June 15, 2017
5 Ways Drawing Is Like Exercising
by Corrina Thurston
Exercising is something most of us have in common at one point or another, whether it’s walking, yoga, weight lifting, running, zumba, or sports. There’s a huge number of ways you can exercise, just like there’s a huge number of ways you can create artwork. Below are a five other commonalities between the two activities:
1.) Sometimes the hardest part is getting started.
Drawing, writing, or creating anything can be one of the greatest feelings in the world, but it can also be difficult to get up the motivation to start. Similar to exercising, sometimes the hardest part is getting started.
A lot of people can relate to this at one time or another in their creative endeavors. You’re staring at that blank page or canvas thinking about how to begin, hoping the idea in your mind will somehow manage to translate to the paper. What if you screw up? What if no one likes it?
Sometimes the reason for having trouble starting is unclear and then it’s particularly frustrating. Why don’t I want to draw today? What’s holding me back?
There are days, just like with an exercise regimen, that you just have to push yourself to take that first step, or in this case that first pencil stroke, and most of the time it’ll get better after that.
2.) You usually feel better afterwards.
Even if you didn’t think you were in the mood to exercise, you usually feel better after you do. That’s because you’ve jump-started your system and boosted your endorphins just by moving around.
Similar feelings arise when you’ve created something. Even if it was difficult to get yourself started, you usually feel better afterwards. Usually you’re happy you accomplished something, even if you’re not always 100% satisfied with the results.
3.) It’s hard work.
Even if you’re in good shape, exercising is hard work, especially if you push yourself to keep getting better.

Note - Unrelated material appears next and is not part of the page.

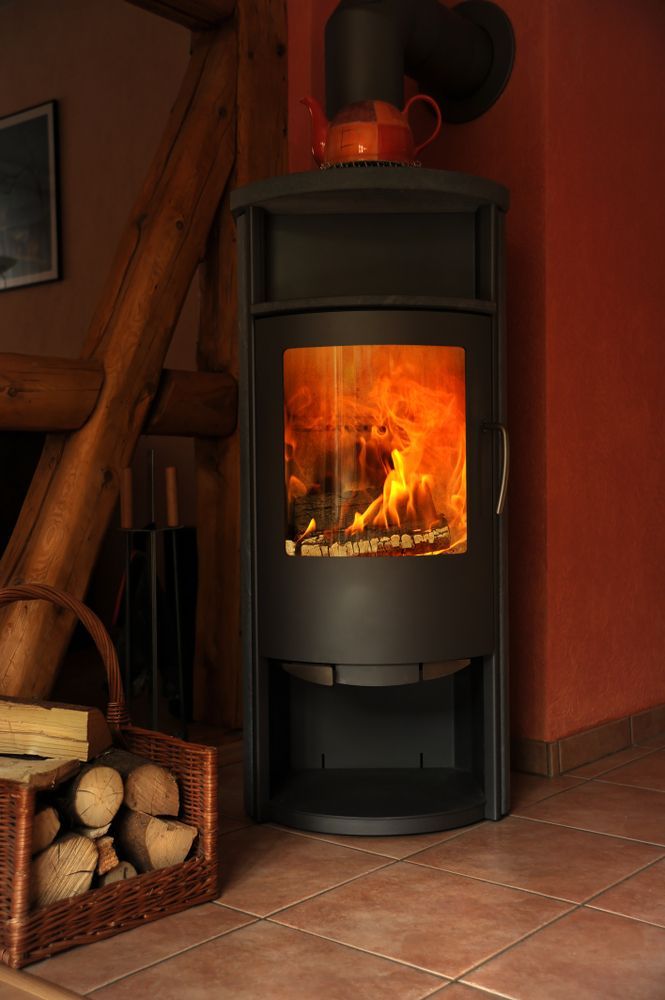 A Black Wood-burning Stove With a Lit Fire Stands — Unger Air in Armidale, NSW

The same goes for creating. Even if you’re good at it, drawing is difficult work. There’s a lot of misunderstanding from people who don’t draw that if you’re good at it, it must just come easily to you and is the easiest job in the world!
This isn’t true. At all.
Not only is drawing hard, keeping up your creativity and motivation to draw is hard, and doing everything else that comes along with being an artist, ie. promotion, marketing, exhibits, proposals, bookwork, etc., is difficult as well.

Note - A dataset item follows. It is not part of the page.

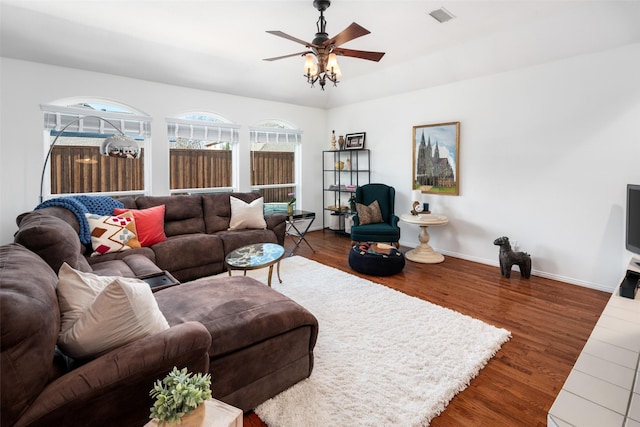 living room with dark wood-style floors, baseboards, visible vents, and a ceiling fan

4.) Success is measured individually.
When you work out you can only measure your success by how far you’ve come. The only thing you should compare yourself to is your past self. And the only thing you should strive to be is your best self.

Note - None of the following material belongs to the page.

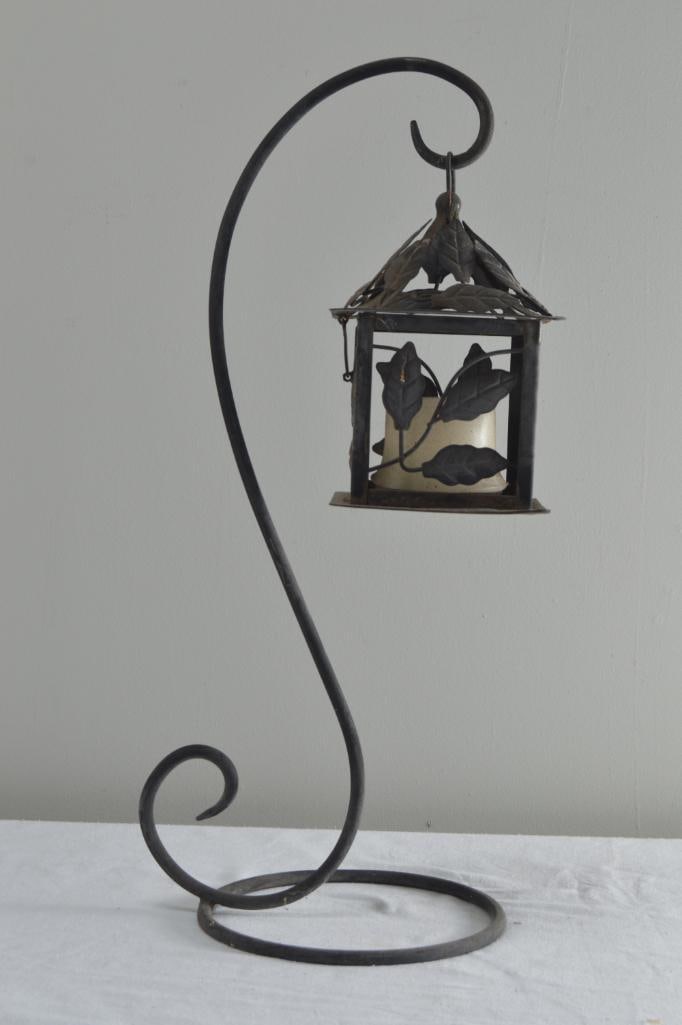 Outdoor Votive Hanger and Votive: With a lantern of ivy leaves, hanging from a shaped metal stand Dimensions: H 24 x W 8.5 x D 8.5 inches NOTE: Good condition Property from an Anchorage, KY home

Exercise isn’t something where you should compare yourself to others, instead focus on your own path and your own progress.
The same can be said of creating art. You can’t compare yourself to others because what you’re creating is entirely YOU. Success depends on what you think success is and is determined solely by you. So focus on your goals and keep track of how far you’ve progressed.
5.) You get out of it what you put into it.
You’re not going to lose 30 pounds by exercising one day. You’re not going to have abs by doing one set of crunches. And you’re not going to be able to run a marathon tomorrow if you just started running today.
It’s the same with creating artwork. The more you do it, the better you’ll get. And the more you push yourself outside your comfort zone to try something new or by attempting progressively more challenging pieces, the more you’ll grow as a creative.